### What you are asked to do
Reproduce exactly the lines below, starting at the line that contains "Двухместный номер Standard Hotel Lidový dům" and ending with the last line of the records, both included; leave out any pictures.

[Caption-style text data]
****************
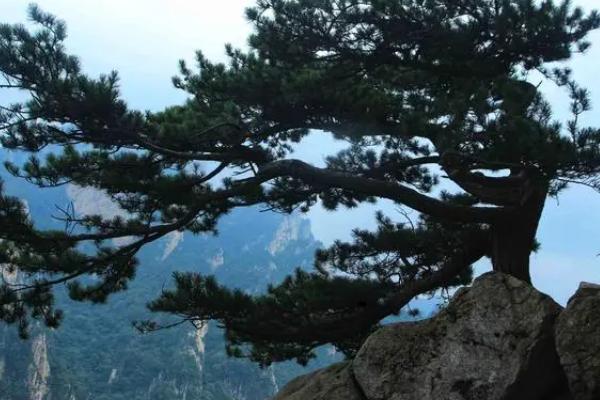 松树多久能看出成活，需根据长势等因素判断且没有固定时间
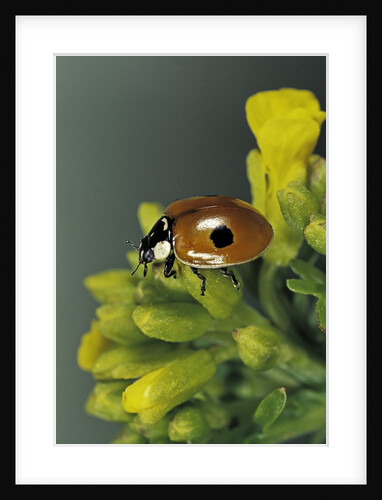Adalia bipunctata (twospotted lady beetle) by Anonymous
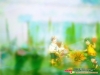 dreams-013.jpg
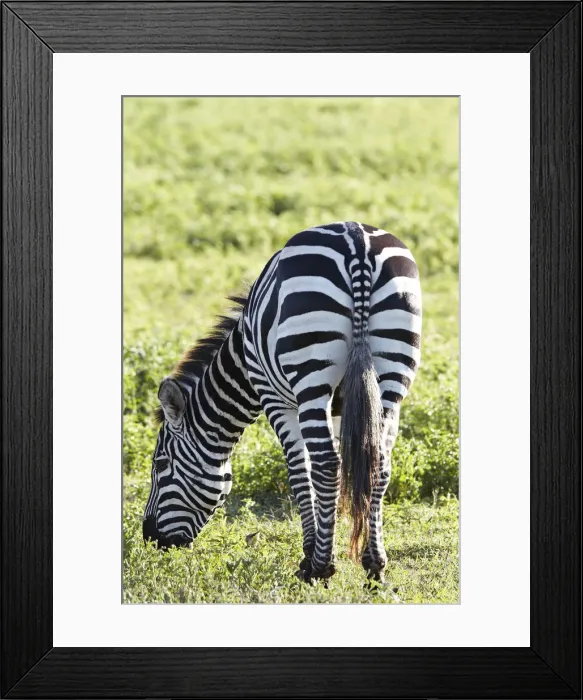 Framed Print : Burchells Zebra or Plains Zebra -Equus quagga-, Ngorongoro Crater, Tanzania, Africa Framed Print : Burchells Zebra or Plains Zebra -Equus quagga-, Ngorongoro Crater, Tanzania, Africa
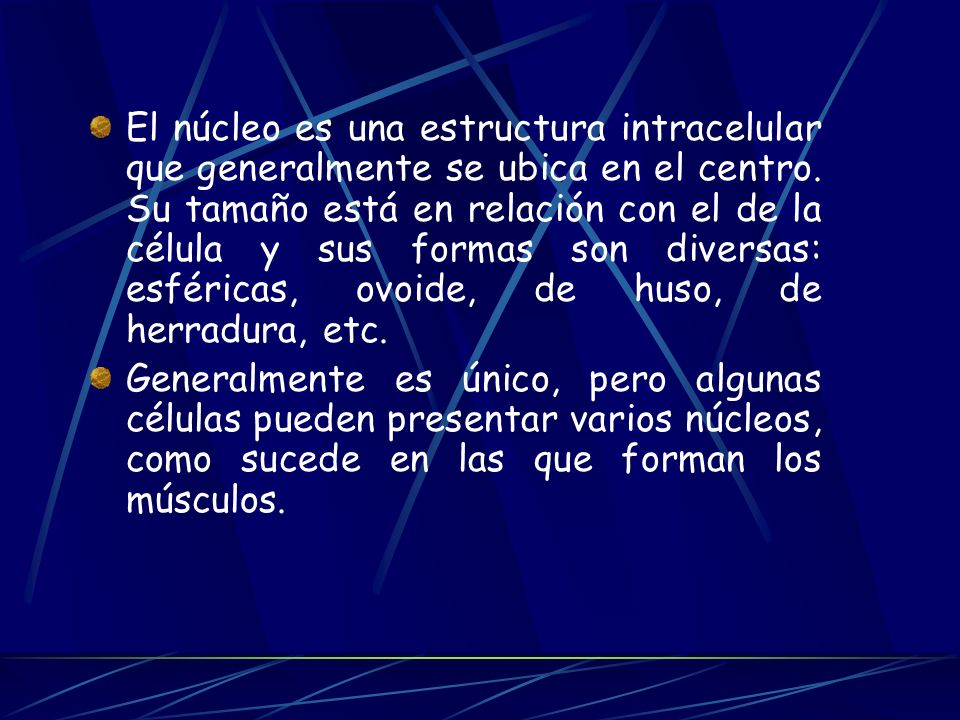 El núcleo es una estructura intracelular que generalmente se ubica en el centro. Su tamaño está en relación con el de la célula y sus formas son diversas: esféricas, ovoide, de huso, de herradura, etc.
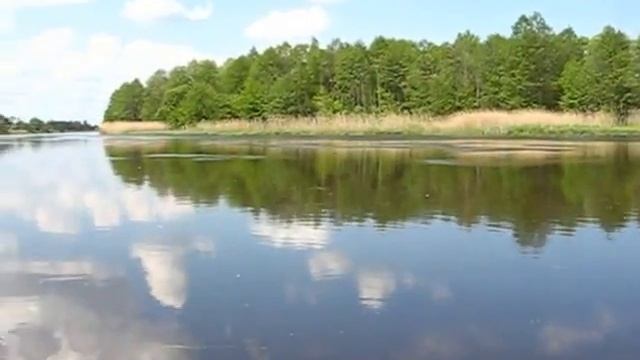 Река Припять. Беларусь. Природа. Полесье. Рыбалка. Май. смотреть онлайн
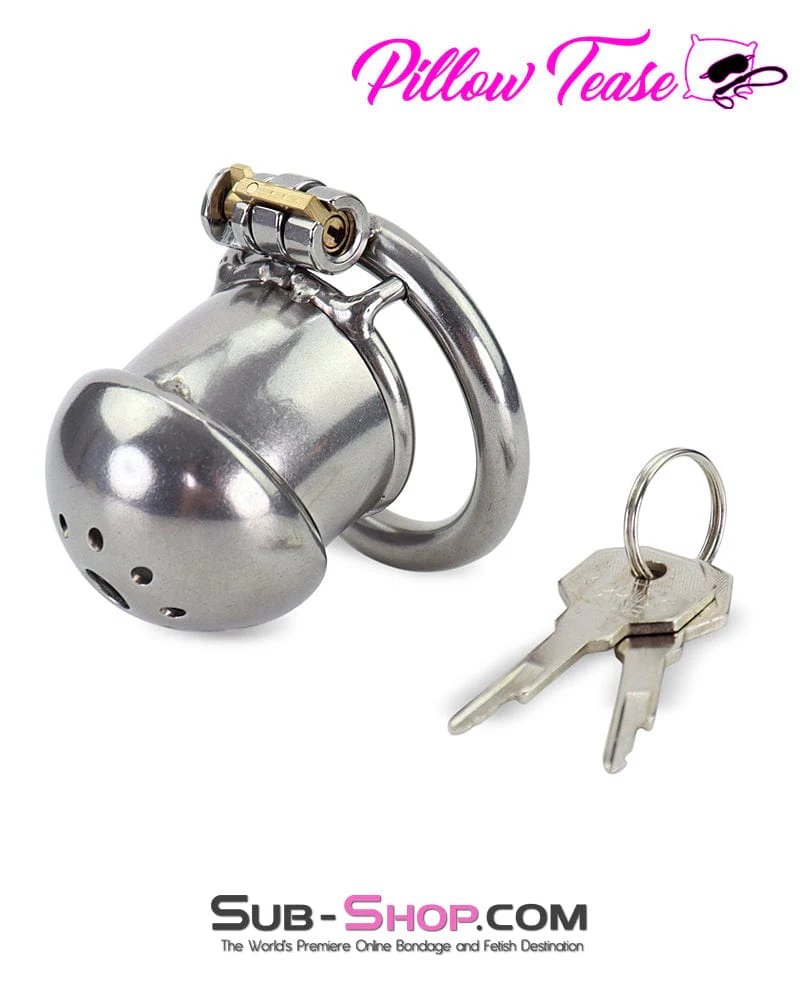 1875AR Cock Torment Locking Steel Chastity Cock Cage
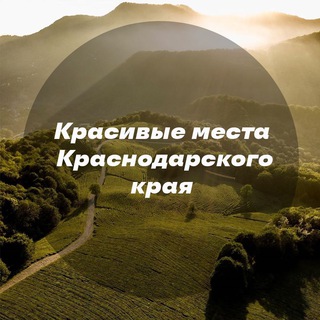 Логотип Телеграм канала viewkrd. Бесплатная аналитика Telegram каналов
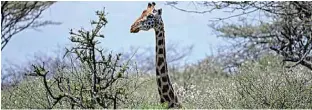  ??  ?? Rothschild subspecies of Giraffe browse on ol-Kokwe Island on Lake Baringo .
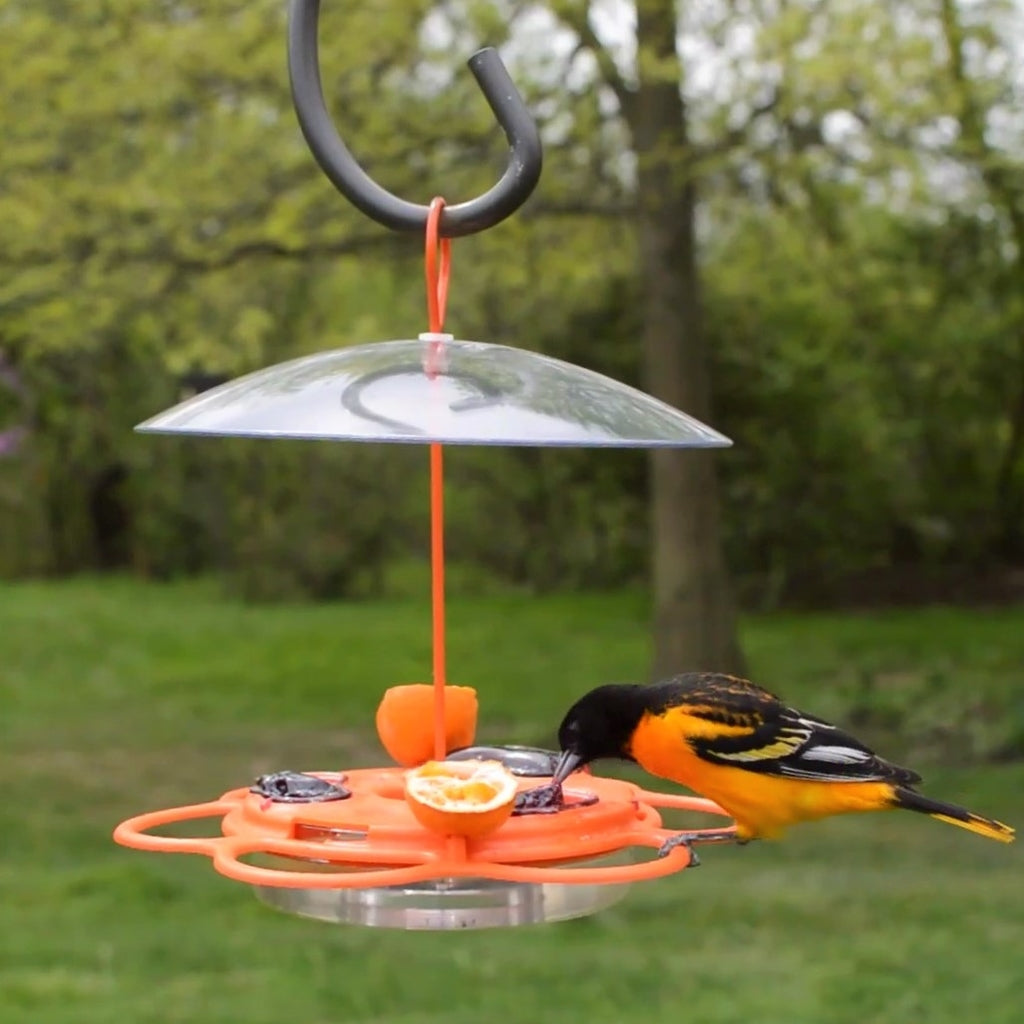 Orioles debut Bird Bath section 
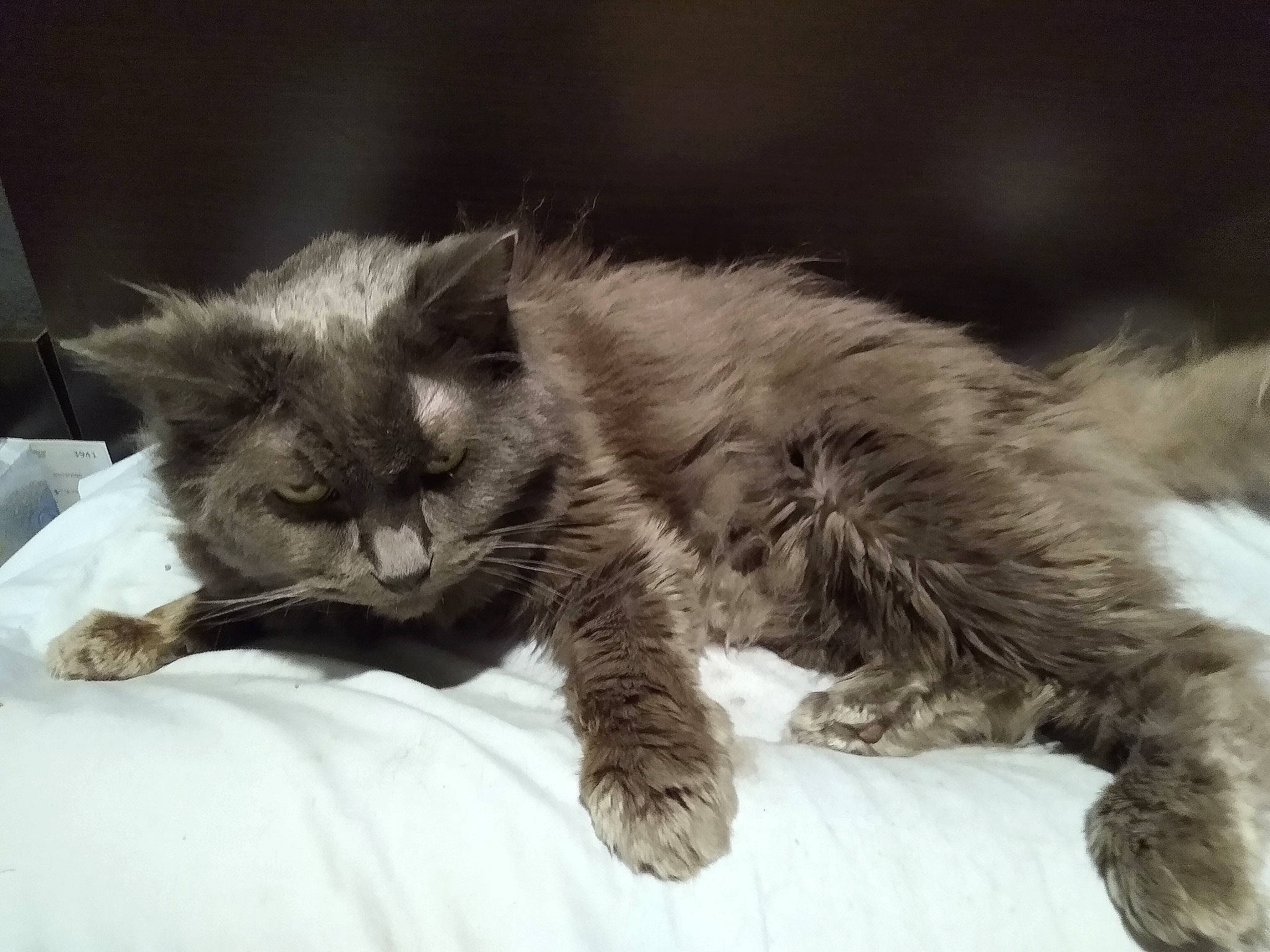 Tessa joined the competition — help win amazing prizes! black_and_white, british_longhair, british_semi_longhair, carnivore, cat, domestic_long_haired_cat, eye, felidae, fur, kitten, maine_coon, mammal, nebelung, norwegian_forest_cat, paw, ragamuffin, siberian, sky, small_to_medium_sized_cats, whiskers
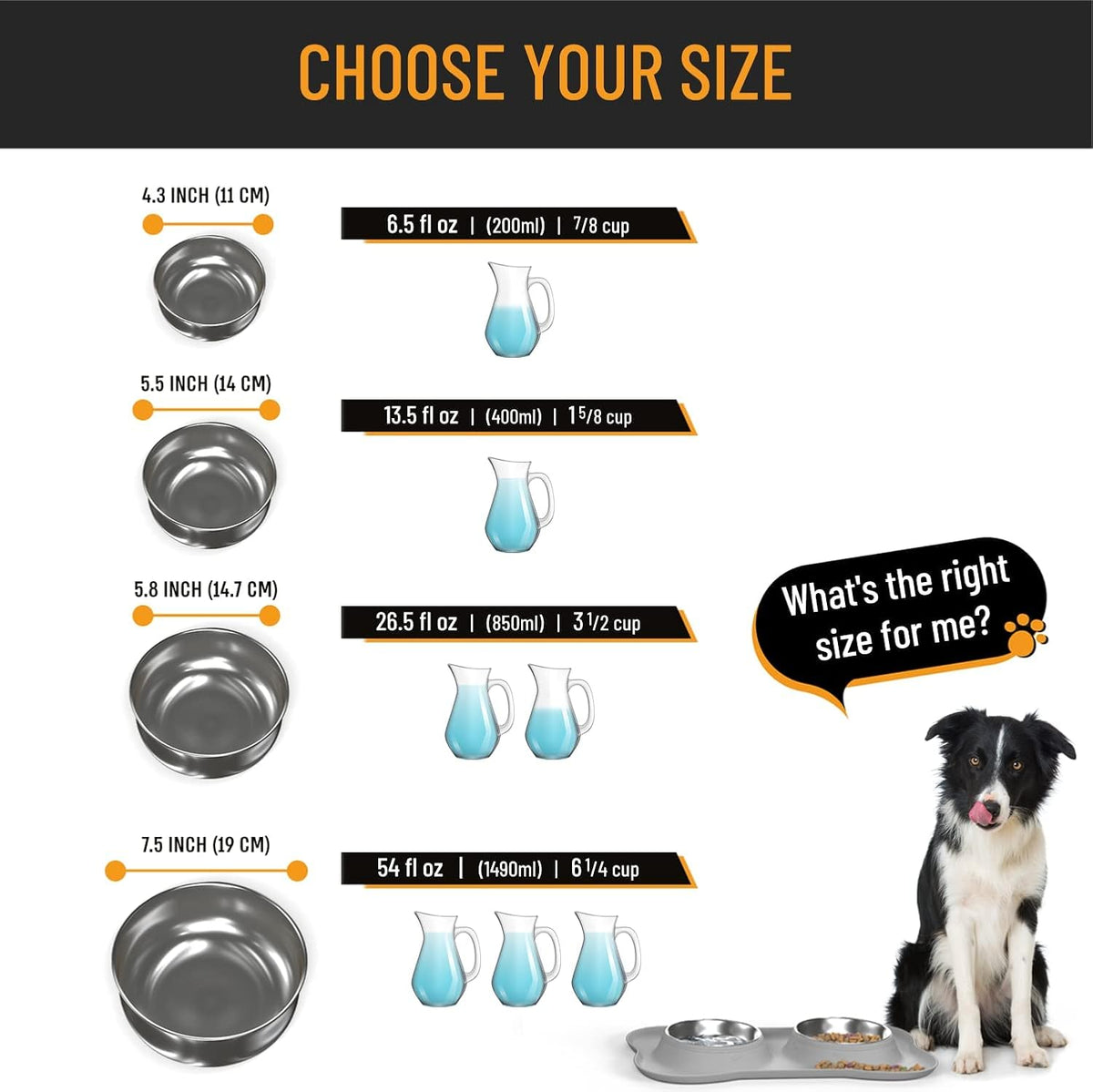 Stainless Steel No-Spill Dog Bowl Set with Silicone Mat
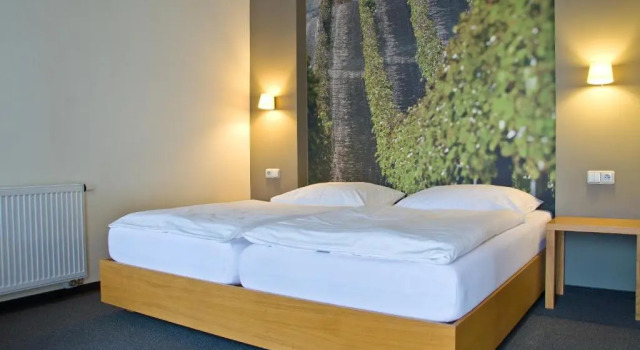 Двухместный номер Standard Hotel Lidový dům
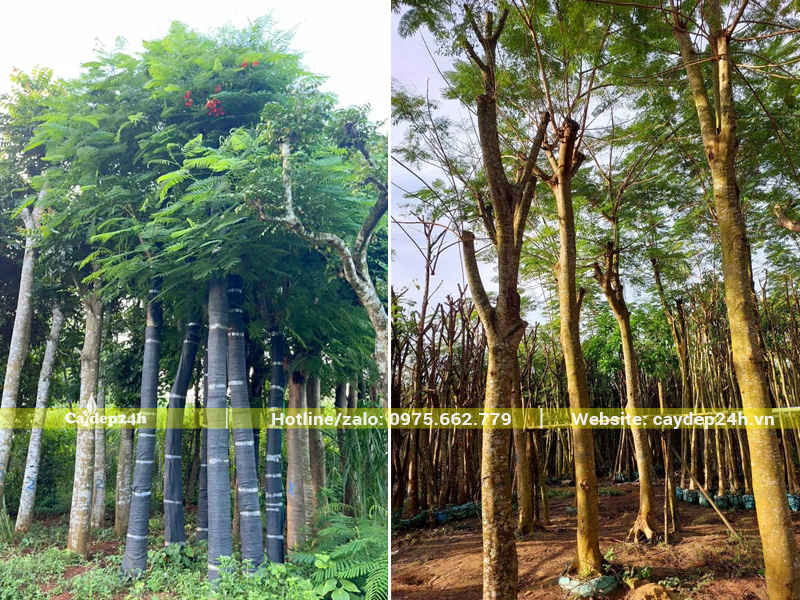 Vườn phượng dâm ủ vanh 50 - 60cm
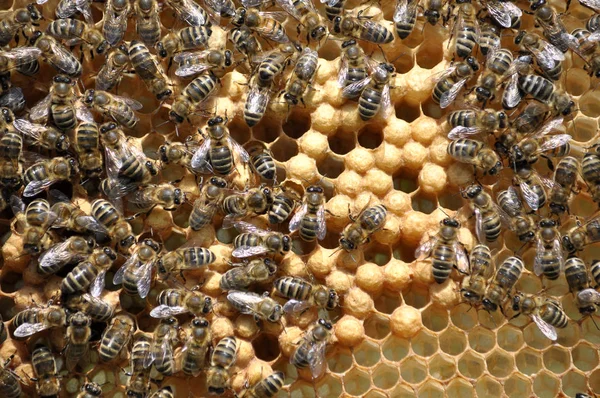 Bienenwabengestell Mit Insekten Geschlossener Brut Und Honig — Stockfoto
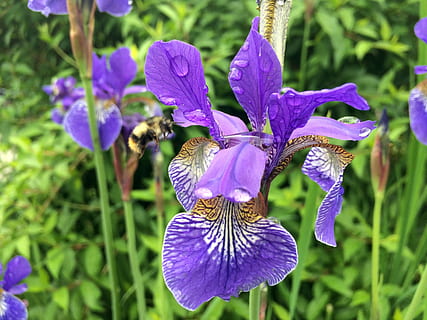 Blume, Iris, Natur, Frühling, Blumen-, Gartenarbeit, Regen, Blatt, lila, Regentropfen, Biene, Britisch-Kolumbien, Blütenblatt, Zerbrechlichkeit, Wachstum, blühende Pflanze, Pflanze, Verletzlichkeit, Schönheit in der Natur, Frische, Blütenkopf, Nahansicht, Blütenstand, Fokus auf den Vordergrund, Tag, Iris - Pflanze, keine Leute, draußen, 2K, CC0, gemeinfrei, lizenzfrei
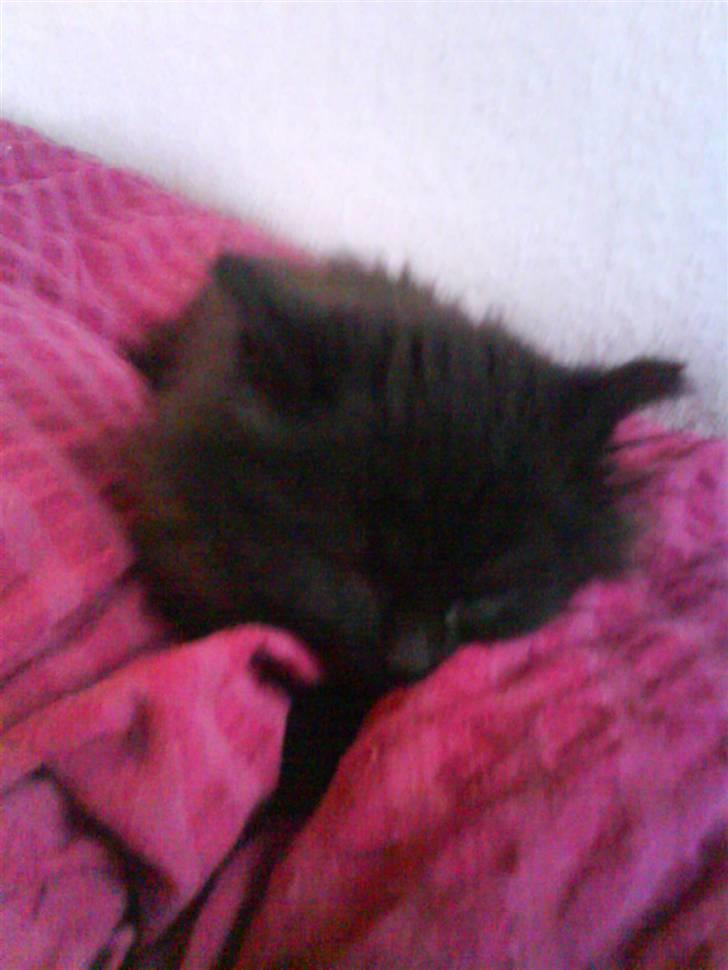 Blanding af racer / Perser - BS aka Bjarne - Baby-BS (: <3 billede 7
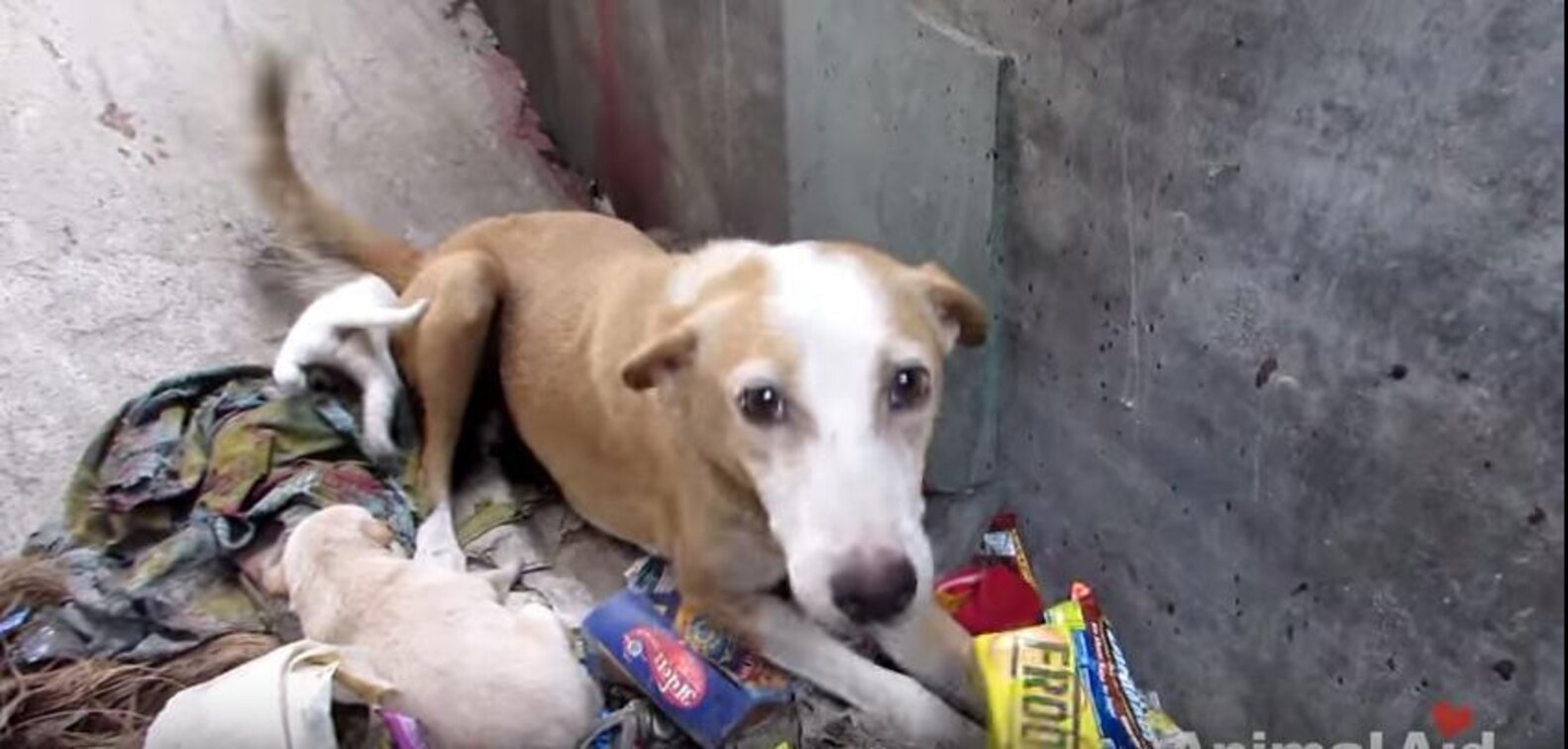 Suffering Mother And Her Puppies Found In Trash-Filled Hole - The Dodo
****************
### Answer to this problem
 Двухместный номер Standard Hotel Lidový dům
 Vườn phượng dâm ủ vanh 50 - 60cm
 Bienenwabengestell Mit Insekten Geschlossener Brut Und Honig — Stockfoto
 Blume, Iris, Natur, Frühling, Blumen-, Gartenarbeit, Regen, Blatt, lila, Regentropfen, Biene, Britisch-Kolumbien, Blütenblatt, Zerbrechlichkeit, Wachstum, blühende Pflanze, Pflanze, Verletzlichkeit, Schönheit in der Natur, Frische, Blütenkopf, Nahansicht, Blütenstand, Fokus auf den Vordergrund, Tag, Iris - Pflanze, keine Leute, draußen, 2K, CC0, gemeinfrei, lizenzfrei
 Blanding af racer / Perser - BS aka Bjarne - Baby-BS (: <3 billede 7
 Suffering Mother And Her Puppies Found In Trash-Filled Hole - The Dodo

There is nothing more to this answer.